* What to produce *
From the records below, set down exactly the lines starting with the line that contains "America's Renowned Stallions, c. 1876 IV" and going on through the line that contains "Little hedgehog.". Nothing else is wanted.

* Task material *
-=-=-=-=-

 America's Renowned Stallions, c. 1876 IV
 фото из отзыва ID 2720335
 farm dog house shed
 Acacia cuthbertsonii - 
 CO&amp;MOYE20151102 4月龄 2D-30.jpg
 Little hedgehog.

-=-=-=-=-

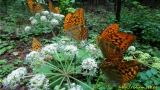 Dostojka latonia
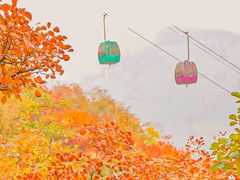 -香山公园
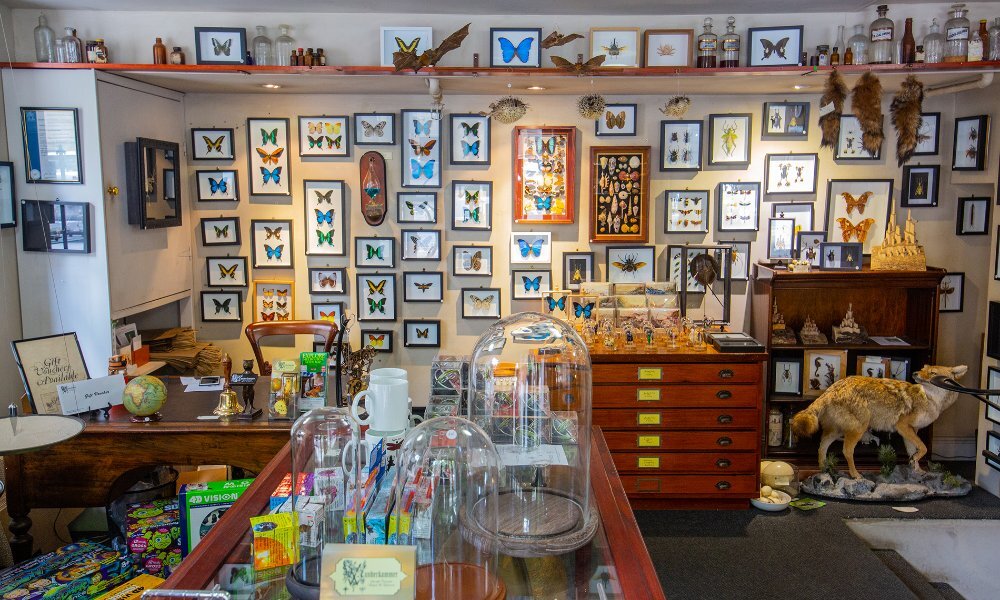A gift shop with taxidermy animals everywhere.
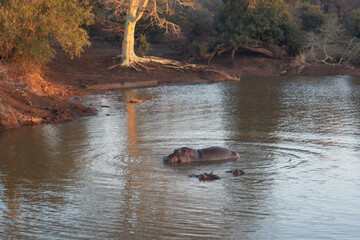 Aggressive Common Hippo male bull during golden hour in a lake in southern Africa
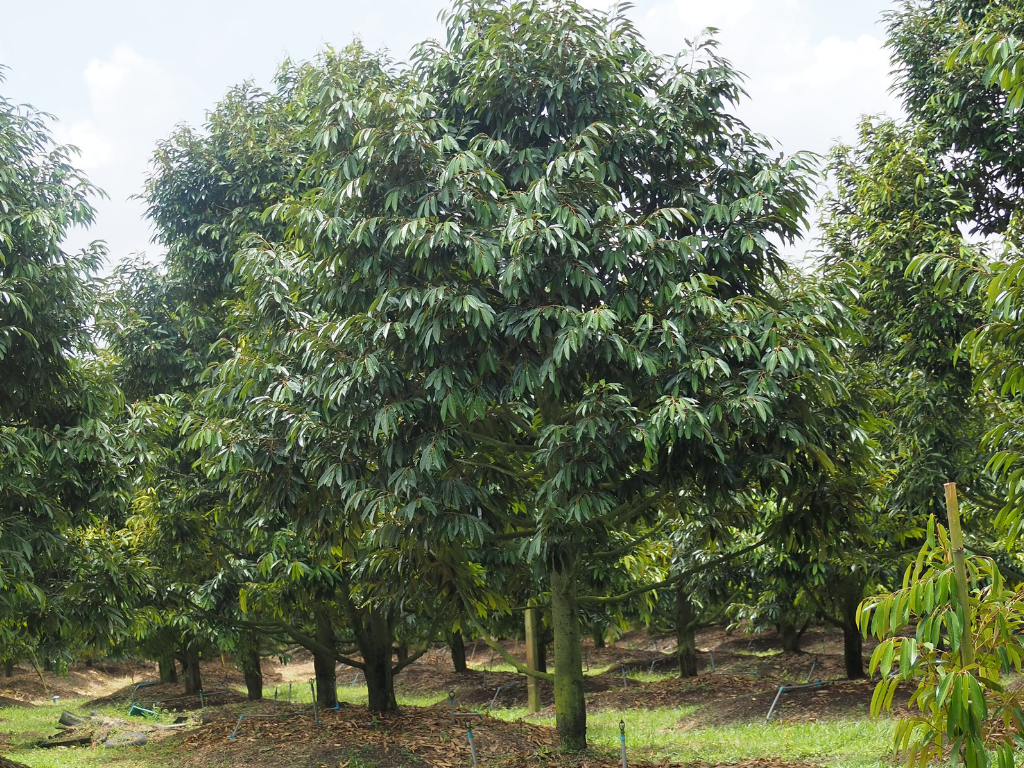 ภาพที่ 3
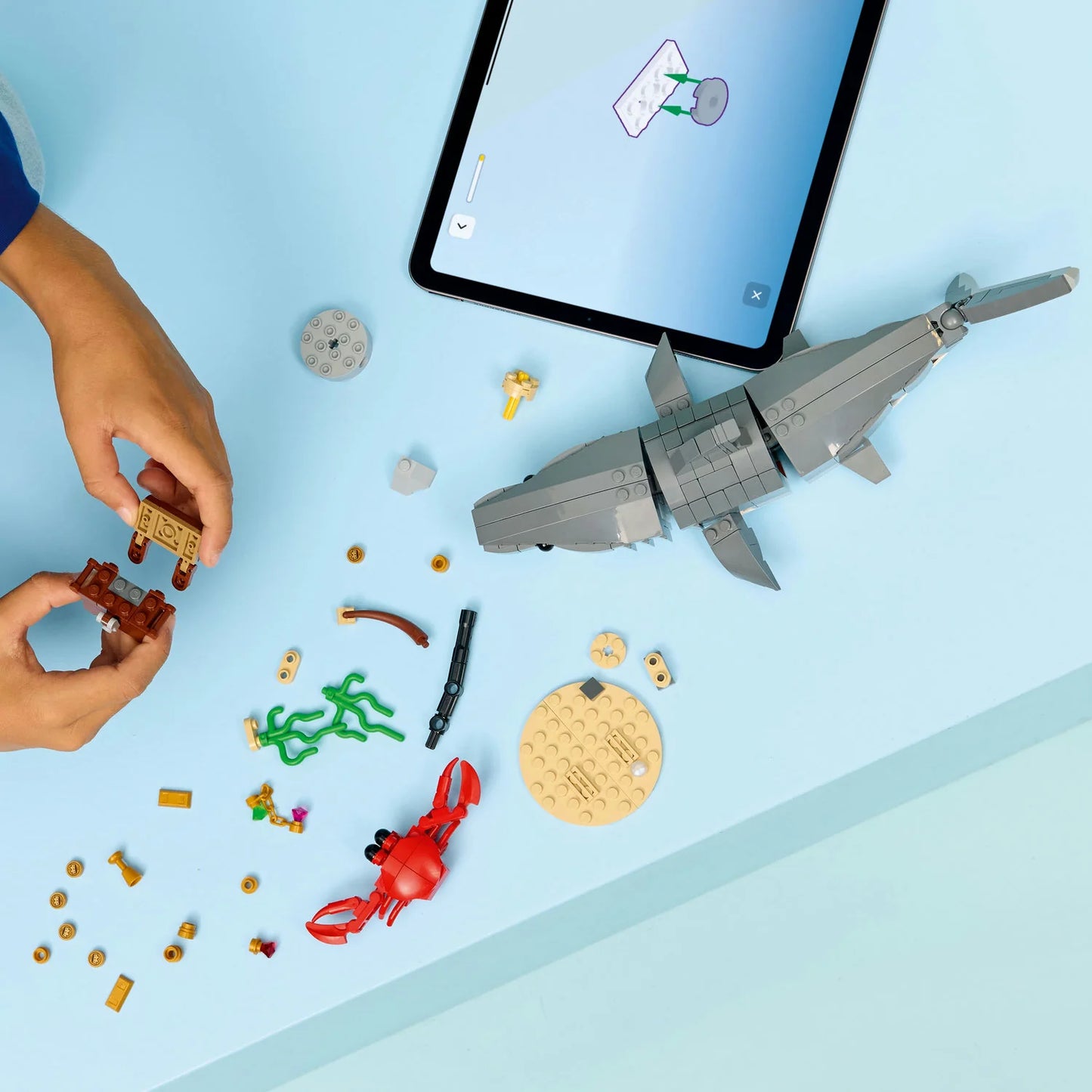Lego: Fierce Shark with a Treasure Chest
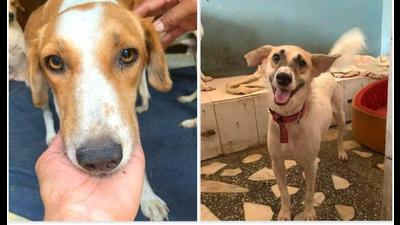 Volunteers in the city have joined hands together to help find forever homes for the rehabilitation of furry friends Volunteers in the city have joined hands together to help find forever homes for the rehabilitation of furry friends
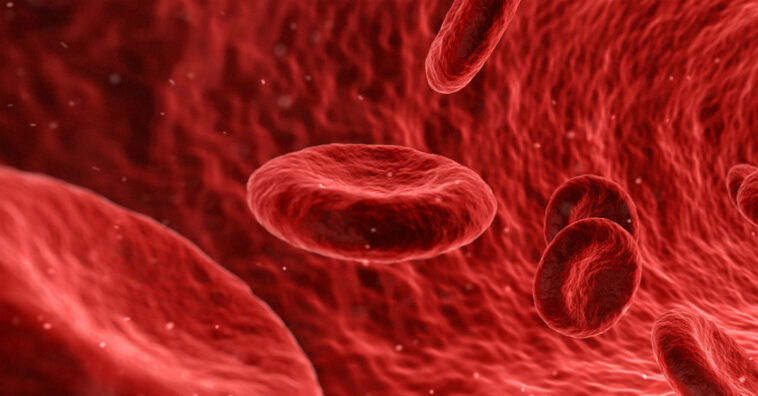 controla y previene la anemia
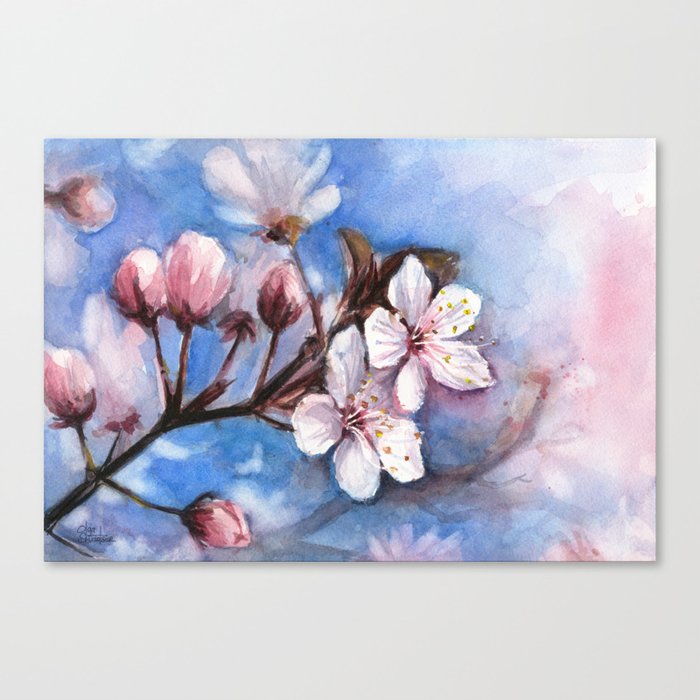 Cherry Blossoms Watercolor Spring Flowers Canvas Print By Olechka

-=-=-=-=-

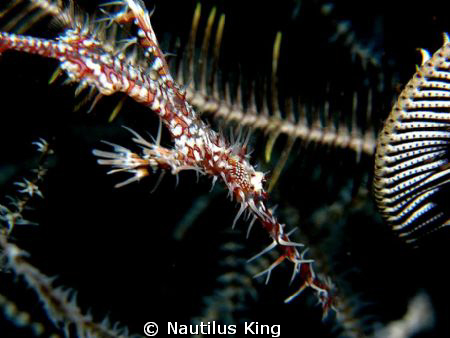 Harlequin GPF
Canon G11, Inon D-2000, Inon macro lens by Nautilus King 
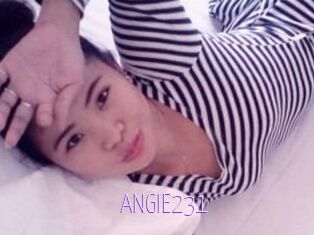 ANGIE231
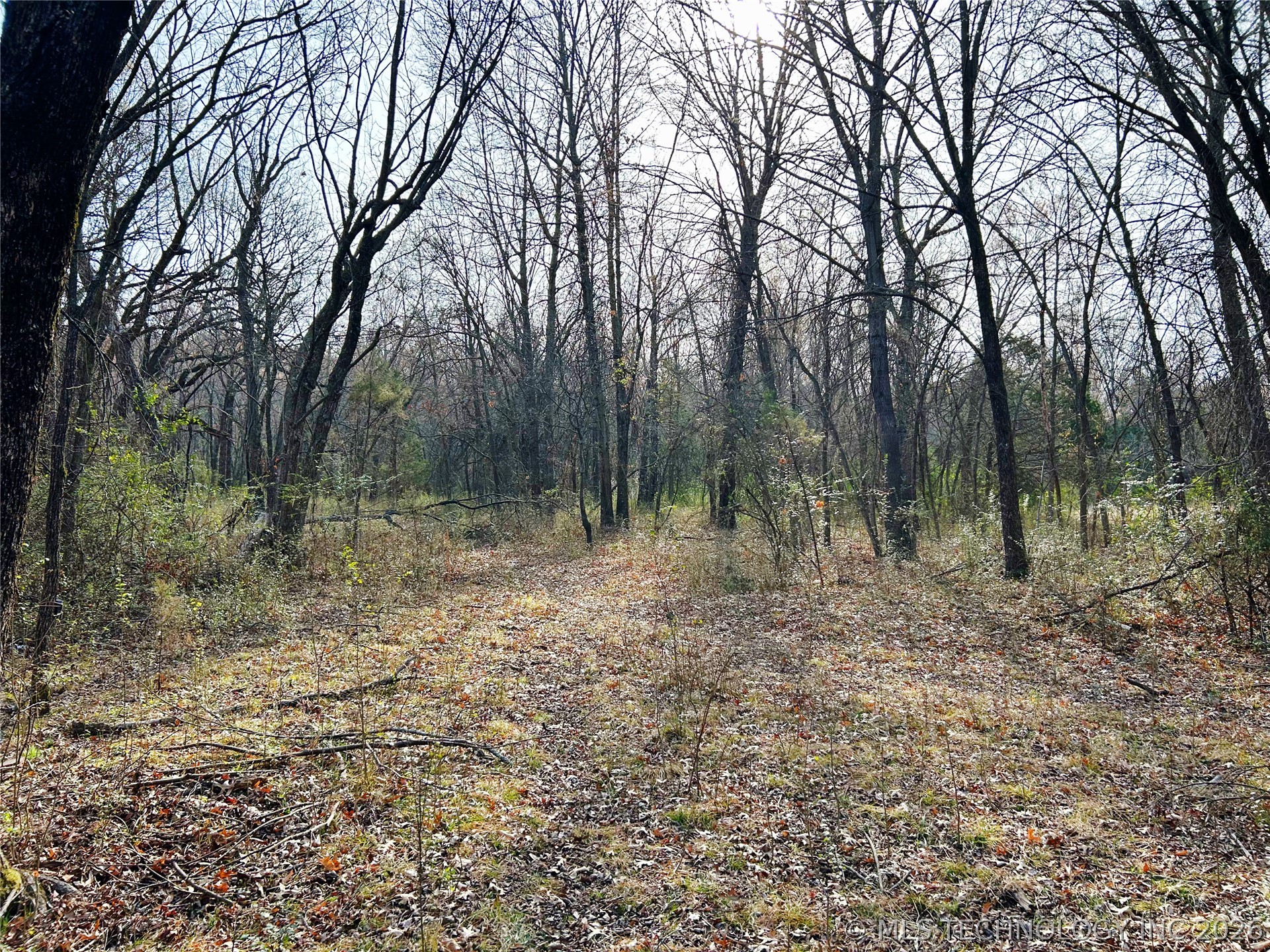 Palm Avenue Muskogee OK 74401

-=-=-=-=-

* Answer to this task *
 America's Renowned Stallions, c. 1876 IV
 фото из отзыва ID 2720335
 farm dog house shed
 Acacia cuthbertsonii - 
 CO&amp;MOYE20151102 4月龄 2D-30.jpg
 Little hedgehog.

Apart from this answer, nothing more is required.